THAT fascinating mystery, the planet Mars, will again approach the earth this summer. Again the nightly watcher will note the diminishing snow caps at the poles, the dark areas of vegetation, enlarging with the welcome moisture, and, perchance a cloud or two that, lingering over the cold Martian night, is dissipated in the sunrise heat, revealing thus its character.
Again also will hundreds of fine dark lines appear, which from their straightness and artificial appearance, seem to attest the existence of highly intelligent beings upon our neighbor.
It is right and natural that we should first regard these faintest of markings as realities upon the planet. The writer can certify to their apparent genuineness, for he has pictured numbers of them in half a dozen favorable oppositions since 1892. To him they were real until time proved that in the faintest markings astronomers failed of satisfactory agreement. In the larger markings, and even in the larger canals, conflicts of evidence do occur, but are never troublesome. One may confidently say that such realities do exist. But with the very faint canals whose numbers reach occasionally well into the hundreds, discordance reigns supreme, and it is frequently found that different drawings by the same artist antagonize each other across the page.
Considerations along these lines led the writer to study seriously the origin of these inconsistent faint canals by the methods of experimental psychology, and the application of those methods has resulted in a new optical illusion and new adaptations of old and well-known phenomena, all of which apply profoundly to the case in hand. Their description and application follow.
The most important of these phenomena is the halo.
To observe this, place Fig. 1 at a distance of six to eight feet from the eye and look at it from time to time, taking care to avoid fatigue. Around it will appear a whitish area limited externally by a faint dark line forming a perfect circle, as if traced by a pair of compasses. This external ring or secondary image has a sensible width and appears blackest on its sharp inner edge. When once caught, which is usually at the first view, it is a striking phenomenon. I find on the whole that trained eyes are the ones which see it most quickly.

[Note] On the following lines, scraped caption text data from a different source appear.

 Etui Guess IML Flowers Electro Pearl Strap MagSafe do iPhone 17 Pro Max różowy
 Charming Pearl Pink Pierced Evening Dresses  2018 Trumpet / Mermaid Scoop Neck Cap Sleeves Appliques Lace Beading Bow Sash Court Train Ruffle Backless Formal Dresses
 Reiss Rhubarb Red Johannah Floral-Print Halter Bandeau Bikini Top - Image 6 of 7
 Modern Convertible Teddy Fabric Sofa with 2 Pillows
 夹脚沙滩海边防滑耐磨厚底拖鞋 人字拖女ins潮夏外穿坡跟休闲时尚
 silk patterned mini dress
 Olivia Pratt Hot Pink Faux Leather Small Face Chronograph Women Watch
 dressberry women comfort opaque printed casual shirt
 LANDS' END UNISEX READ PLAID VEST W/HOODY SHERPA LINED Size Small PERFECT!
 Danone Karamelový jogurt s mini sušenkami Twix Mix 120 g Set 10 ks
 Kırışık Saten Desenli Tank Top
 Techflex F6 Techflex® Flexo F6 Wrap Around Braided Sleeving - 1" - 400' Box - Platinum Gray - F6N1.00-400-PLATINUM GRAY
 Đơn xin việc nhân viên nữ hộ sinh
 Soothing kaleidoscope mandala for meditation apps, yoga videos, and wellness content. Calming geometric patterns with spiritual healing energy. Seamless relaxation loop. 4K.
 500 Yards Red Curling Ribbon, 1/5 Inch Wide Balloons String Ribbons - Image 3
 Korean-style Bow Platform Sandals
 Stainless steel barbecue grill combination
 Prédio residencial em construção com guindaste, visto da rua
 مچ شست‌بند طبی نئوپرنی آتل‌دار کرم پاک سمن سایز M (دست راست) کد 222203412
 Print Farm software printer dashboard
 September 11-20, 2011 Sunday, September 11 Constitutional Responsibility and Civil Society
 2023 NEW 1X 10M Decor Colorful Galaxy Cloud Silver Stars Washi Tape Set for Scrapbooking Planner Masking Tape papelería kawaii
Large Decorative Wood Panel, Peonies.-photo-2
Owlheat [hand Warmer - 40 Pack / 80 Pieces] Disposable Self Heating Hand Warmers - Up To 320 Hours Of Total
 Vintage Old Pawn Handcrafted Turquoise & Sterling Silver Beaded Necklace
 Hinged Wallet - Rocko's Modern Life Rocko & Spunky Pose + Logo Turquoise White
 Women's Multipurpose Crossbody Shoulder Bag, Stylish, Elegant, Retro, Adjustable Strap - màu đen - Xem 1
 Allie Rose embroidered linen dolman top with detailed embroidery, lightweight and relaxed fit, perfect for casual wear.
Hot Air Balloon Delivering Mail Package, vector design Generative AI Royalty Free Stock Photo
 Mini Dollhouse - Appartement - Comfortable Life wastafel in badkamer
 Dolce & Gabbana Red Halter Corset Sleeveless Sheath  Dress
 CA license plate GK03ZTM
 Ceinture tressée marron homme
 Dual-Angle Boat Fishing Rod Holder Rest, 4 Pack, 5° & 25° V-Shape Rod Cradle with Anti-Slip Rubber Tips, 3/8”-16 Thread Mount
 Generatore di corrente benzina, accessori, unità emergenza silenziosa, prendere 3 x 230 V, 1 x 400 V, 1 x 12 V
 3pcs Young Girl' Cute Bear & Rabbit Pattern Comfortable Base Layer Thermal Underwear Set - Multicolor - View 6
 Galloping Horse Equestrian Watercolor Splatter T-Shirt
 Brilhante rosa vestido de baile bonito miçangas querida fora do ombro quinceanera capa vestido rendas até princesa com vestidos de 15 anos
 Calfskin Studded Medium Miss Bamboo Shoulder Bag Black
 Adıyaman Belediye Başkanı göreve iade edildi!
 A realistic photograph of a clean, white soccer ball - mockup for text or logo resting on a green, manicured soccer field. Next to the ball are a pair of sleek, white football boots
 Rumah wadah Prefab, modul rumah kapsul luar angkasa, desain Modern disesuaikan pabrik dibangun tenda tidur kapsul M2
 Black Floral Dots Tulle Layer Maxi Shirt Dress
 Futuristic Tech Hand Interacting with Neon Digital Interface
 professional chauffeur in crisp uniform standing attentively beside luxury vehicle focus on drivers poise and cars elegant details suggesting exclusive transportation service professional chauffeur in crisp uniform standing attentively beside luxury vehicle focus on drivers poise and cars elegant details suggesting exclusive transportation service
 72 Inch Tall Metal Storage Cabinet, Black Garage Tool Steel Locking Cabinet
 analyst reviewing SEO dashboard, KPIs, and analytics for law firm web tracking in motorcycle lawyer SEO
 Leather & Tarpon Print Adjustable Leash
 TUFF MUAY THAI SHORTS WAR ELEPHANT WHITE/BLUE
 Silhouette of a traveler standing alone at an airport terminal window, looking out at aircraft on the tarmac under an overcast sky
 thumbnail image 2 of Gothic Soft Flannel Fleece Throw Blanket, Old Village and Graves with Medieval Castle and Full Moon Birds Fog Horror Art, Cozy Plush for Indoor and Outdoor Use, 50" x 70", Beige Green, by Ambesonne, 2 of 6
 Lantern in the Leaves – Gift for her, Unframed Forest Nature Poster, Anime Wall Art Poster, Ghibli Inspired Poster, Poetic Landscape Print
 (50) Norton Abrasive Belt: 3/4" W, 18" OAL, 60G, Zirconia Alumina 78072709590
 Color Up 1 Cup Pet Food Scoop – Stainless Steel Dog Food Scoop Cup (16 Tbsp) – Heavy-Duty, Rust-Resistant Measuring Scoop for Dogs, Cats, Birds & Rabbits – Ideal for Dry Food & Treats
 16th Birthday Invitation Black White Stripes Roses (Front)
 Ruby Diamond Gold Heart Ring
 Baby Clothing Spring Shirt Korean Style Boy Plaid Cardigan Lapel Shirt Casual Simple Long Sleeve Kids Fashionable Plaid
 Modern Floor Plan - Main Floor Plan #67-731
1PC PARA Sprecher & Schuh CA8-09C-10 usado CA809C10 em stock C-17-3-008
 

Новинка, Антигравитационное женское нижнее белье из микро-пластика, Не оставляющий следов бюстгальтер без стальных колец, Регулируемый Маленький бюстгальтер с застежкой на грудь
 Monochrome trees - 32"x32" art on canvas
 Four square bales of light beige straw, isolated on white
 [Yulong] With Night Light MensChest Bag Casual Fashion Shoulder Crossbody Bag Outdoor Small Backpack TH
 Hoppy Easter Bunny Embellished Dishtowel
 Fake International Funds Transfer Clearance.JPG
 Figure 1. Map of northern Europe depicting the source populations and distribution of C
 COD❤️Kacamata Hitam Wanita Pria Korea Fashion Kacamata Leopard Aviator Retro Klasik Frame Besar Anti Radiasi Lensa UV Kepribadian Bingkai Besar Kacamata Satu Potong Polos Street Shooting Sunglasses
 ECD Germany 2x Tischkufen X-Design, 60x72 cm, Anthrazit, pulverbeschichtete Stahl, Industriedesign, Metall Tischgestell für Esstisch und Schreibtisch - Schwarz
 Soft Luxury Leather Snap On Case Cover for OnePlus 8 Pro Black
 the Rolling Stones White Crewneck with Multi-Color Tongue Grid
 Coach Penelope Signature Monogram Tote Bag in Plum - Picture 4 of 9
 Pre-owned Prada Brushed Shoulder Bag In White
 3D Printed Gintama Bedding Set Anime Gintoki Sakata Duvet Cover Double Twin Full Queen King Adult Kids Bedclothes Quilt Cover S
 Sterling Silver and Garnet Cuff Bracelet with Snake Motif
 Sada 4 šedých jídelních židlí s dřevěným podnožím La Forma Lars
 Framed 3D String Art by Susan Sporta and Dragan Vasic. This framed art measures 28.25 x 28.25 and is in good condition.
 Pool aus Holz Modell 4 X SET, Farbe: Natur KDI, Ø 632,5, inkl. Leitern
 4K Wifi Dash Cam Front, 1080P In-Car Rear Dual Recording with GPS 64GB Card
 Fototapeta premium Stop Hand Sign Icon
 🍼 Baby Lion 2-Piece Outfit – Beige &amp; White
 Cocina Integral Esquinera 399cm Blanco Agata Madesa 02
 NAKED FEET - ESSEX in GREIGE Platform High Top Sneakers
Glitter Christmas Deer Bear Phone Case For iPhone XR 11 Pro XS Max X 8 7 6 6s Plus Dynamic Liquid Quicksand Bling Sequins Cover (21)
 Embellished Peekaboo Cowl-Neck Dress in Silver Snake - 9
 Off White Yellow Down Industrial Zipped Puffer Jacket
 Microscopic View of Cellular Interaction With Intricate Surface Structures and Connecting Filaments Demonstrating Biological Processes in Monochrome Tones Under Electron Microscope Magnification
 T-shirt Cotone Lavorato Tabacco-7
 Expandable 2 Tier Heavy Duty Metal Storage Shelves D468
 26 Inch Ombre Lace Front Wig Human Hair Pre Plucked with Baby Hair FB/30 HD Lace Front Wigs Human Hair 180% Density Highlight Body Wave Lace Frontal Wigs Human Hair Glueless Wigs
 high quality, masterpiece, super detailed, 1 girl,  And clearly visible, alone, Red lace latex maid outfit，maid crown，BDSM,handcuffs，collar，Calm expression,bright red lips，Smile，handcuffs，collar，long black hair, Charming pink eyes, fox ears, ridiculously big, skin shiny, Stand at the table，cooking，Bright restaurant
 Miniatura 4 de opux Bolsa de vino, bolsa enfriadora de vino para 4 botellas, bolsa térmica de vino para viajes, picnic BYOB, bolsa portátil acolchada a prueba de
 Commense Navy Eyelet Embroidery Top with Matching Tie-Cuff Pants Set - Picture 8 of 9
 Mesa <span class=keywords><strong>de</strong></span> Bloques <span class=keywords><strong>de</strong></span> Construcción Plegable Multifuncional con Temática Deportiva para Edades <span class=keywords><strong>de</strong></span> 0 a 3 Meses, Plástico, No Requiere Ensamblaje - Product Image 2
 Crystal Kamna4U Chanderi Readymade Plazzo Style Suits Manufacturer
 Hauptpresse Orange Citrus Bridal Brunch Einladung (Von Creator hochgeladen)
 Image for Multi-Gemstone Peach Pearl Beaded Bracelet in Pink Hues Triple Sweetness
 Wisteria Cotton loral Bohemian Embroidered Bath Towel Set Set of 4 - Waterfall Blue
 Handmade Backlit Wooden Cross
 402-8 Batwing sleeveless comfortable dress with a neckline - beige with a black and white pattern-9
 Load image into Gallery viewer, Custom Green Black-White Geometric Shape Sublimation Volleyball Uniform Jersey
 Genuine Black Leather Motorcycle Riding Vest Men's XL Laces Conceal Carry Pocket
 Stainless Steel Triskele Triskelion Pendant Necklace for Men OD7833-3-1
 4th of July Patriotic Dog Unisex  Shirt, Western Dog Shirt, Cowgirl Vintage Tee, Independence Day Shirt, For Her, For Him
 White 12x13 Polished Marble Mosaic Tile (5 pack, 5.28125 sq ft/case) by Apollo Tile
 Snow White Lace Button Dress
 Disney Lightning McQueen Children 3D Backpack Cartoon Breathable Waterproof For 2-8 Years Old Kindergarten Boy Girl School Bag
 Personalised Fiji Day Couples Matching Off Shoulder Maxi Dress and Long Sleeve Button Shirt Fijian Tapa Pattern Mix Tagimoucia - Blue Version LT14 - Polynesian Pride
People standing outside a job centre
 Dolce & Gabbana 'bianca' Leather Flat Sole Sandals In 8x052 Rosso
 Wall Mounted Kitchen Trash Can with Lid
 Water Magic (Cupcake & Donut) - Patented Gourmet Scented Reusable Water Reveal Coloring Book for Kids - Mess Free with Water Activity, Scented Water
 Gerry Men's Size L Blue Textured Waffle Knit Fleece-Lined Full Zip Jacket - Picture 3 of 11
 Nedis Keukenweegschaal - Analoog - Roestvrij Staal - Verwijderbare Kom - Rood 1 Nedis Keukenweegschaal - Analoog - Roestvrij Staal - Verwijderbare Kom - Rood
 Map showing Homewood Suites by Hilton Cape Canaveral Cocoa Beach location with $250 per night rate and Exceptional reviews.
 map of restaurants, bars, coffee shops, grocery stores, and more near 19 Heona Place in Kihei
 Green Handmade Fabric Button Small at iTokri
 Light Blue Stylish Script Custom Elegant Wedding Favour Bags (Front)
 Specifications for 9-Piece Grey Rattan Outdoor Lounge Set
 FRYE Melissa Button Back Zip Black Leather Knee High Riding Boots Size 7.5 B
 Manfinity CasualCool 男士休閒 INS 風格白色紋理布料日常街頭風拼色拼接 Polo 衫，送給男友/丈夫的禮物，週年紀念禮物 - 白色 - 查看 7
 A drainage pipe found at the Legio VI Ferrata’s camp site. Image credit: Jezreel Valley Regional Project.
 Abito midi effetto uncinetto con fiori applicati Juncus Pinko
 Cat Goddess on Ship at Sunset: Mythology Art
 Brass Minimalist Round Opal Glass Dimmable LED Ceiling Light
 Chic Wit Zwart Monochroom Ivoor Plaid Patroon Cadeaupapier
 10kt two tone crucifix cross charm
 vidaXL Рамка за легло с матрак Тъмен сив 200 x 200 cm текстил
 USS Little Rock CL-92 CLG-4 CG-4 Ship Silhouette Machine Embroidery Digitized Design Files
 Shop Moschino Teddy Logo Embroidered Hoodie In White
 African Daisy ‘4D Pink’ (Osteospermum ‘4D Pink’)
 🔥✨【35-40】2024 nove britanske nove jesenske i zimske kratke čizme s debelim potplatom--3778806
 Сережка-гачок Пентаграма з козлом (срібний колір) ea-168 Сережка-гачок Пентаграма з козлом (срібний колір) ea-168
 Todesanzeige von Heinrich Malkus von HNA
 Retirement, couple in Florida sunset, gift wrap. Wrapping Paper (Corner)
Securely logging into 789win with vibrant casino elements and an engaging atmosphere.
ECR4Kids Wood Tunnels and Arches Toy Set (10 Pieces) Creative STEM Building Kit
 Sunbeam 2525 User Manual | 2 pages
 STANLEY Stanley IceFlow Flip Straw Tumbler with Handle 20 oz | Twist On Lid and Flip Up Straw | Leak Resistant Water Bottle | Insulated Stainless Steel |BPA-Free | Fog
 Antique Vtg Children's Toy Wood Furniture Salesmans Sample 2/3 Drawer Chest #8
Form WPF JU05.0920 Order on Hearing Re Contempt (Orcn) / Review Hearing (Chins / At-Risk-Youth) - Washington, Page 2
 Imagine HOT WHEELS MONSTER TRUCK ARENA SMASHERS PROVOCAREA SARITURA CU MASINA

A more beautiful and elegant way of making the experiment is by standing a black-headed hat pin in the middle of a white-walled room, and looking at it against the distant white background. Around the head of the pin will then appear this halo, more beautiful than before, suspended in mid-air, in the good old-fashioned manner of saintly halos.
The experiment described above gives the 'negative' halo. It will be generally referred to in this article, because it is more easily seen than the 'positive,' The 'positive' form of the halo, however, is most readily seen by a similar method. Let a white-headed pin be substituted for the other, and looked at against a black background. Similarly, a white circle is seen. The difficulties in this case arise from the reflections on the head of the pin and its generally less even illumination.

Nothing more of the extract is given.